回首大学 难忘峨眉

  张士臣

  1977年,高考制度恢复。这一年,成为数百万青年的人生拐点。这一年,我有幸走进了位于四川峨眉的西南交通大学。当年,峨眉校区除几条主干道是水泥路外,还有不少土路,雨天,黏黏的泥巴在鞋上固化后坚硬得像水泥。我们每个人都有一双高帮雨鞋、一把雨伞。名山电影场每周末播放一次的电影,基本是主旋律和战争题材片,是我们为数不多的娱乐项目。雨天,电影照常放映,坐一个马扎、举一把雨伞、津津有味地看露天电影,成了终生难忘的记忆。服务楼和西山梁之间的158级台阶,晨练跑步时一遍遍数着,周末逛逛马路桥镇,去一次峨眉县城购物观光,消费几角或几元钱。学校远离都市,无围墙的校区四周是勤劳朴实的四川老乡,没有大城市的灯红酒绿、豪华商场,却是静心读书的好地方。
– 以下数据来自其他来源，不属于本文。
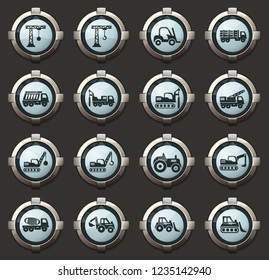 Construction transport vector stylish round buttons for mobile applications and web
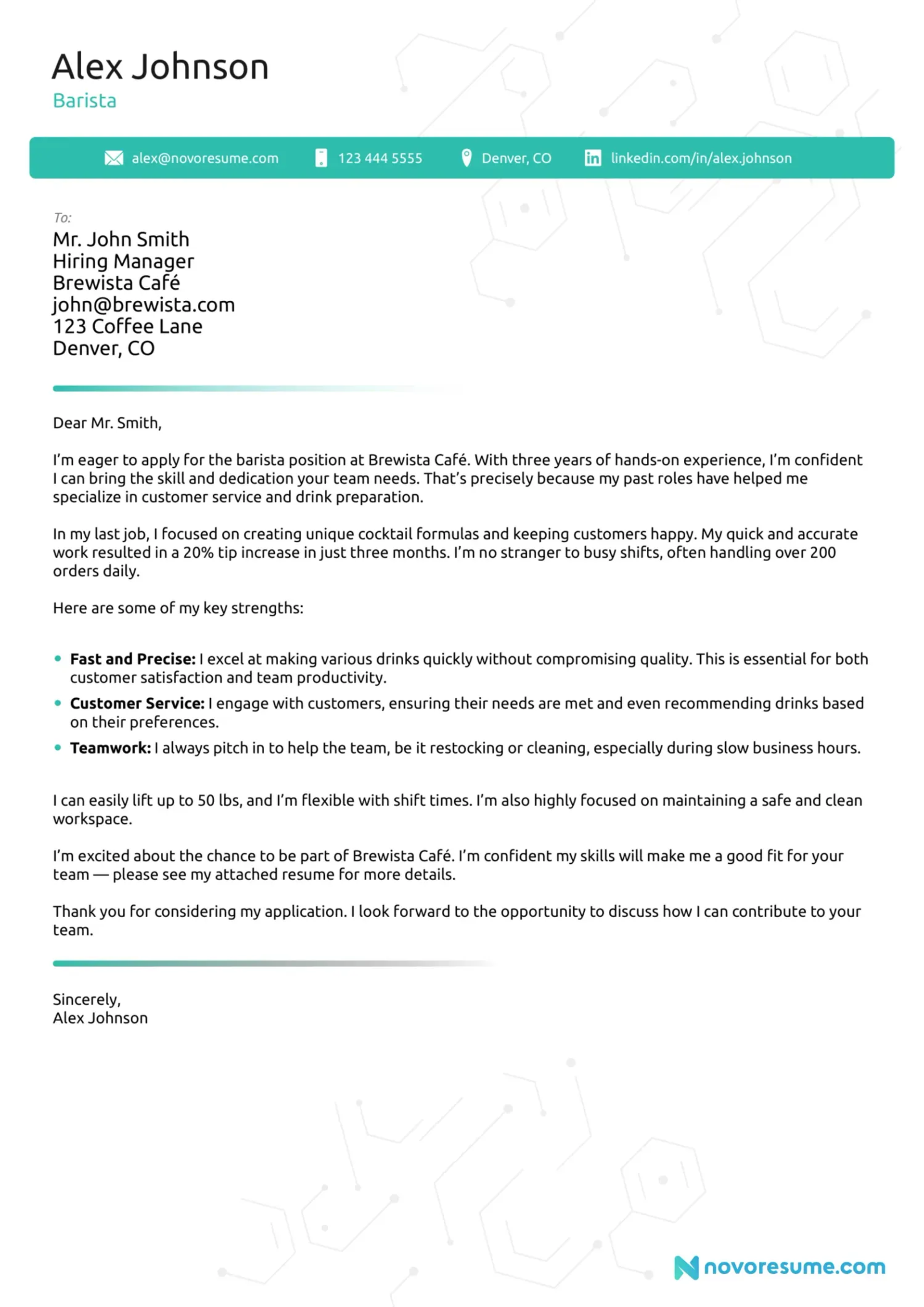 barista cover letter examples drafts Barista Cover Letter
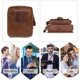 thumbnail image 3 of Small Waist Packs Men Phone Waist Pouch Leather Fanny Pack Waterproof Business Travel Running Cycling Sports Belt Bag Brown, 3 of 5
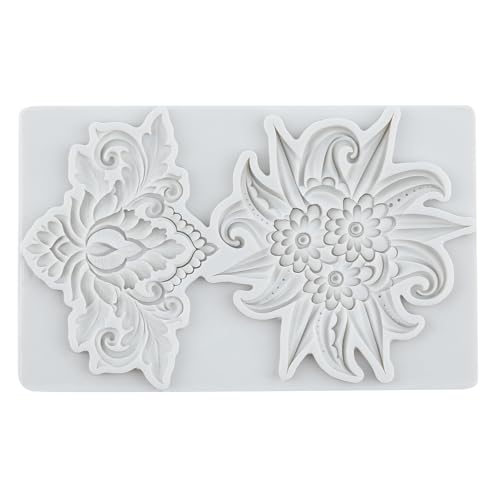 Lingzhi Baroque Style Silicone Mold Curlicues Scroll Lace Fondant Molds - color: Style H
  当时的条件较今天要艰苦许多,我们每月靠国家提供的十几元助学金、生活补助和家庭的微薄补贴完成了4年大学学业。3毛钱的回锅肉、烧排骨是上等好菜。春节在校过年的同学在食堂领面和馅自己动手包饺子,去餐馆聚餐经常是每人一碗一毛六分钱的担担面、臊子面。周末假期旅游就到几步之遥的峨眉山,郭沫若先生题写的“天下名山”是一道亮丽的风景。晚饭后散步时,同学们常常驻足欣赏。走进报国寺、伏虎寺、清音阁、洗象池……听潺潺流水和鸟语蝉鸣蛙唱,凝视着大山峡谷中的千年古刹,吸几口深山中清新的空气,是难得的享受。当时是条件艰苦的年代,但人们精神并不贫穷,而是充满憧憬、满怀壮志地展望未来。徐迟先生的报告文学《哥德巴赫猜想》激励着那一代青年向科学的高峰攀登,成千上万的学生成了陈景润的“粉丝”。开学不久,校团委邀请徐先生来学校做报告,那种热烈场景仍历历在目。之后,著名作家路遥来校演讲,他的作品和报告展示了人们精彩的内心世界。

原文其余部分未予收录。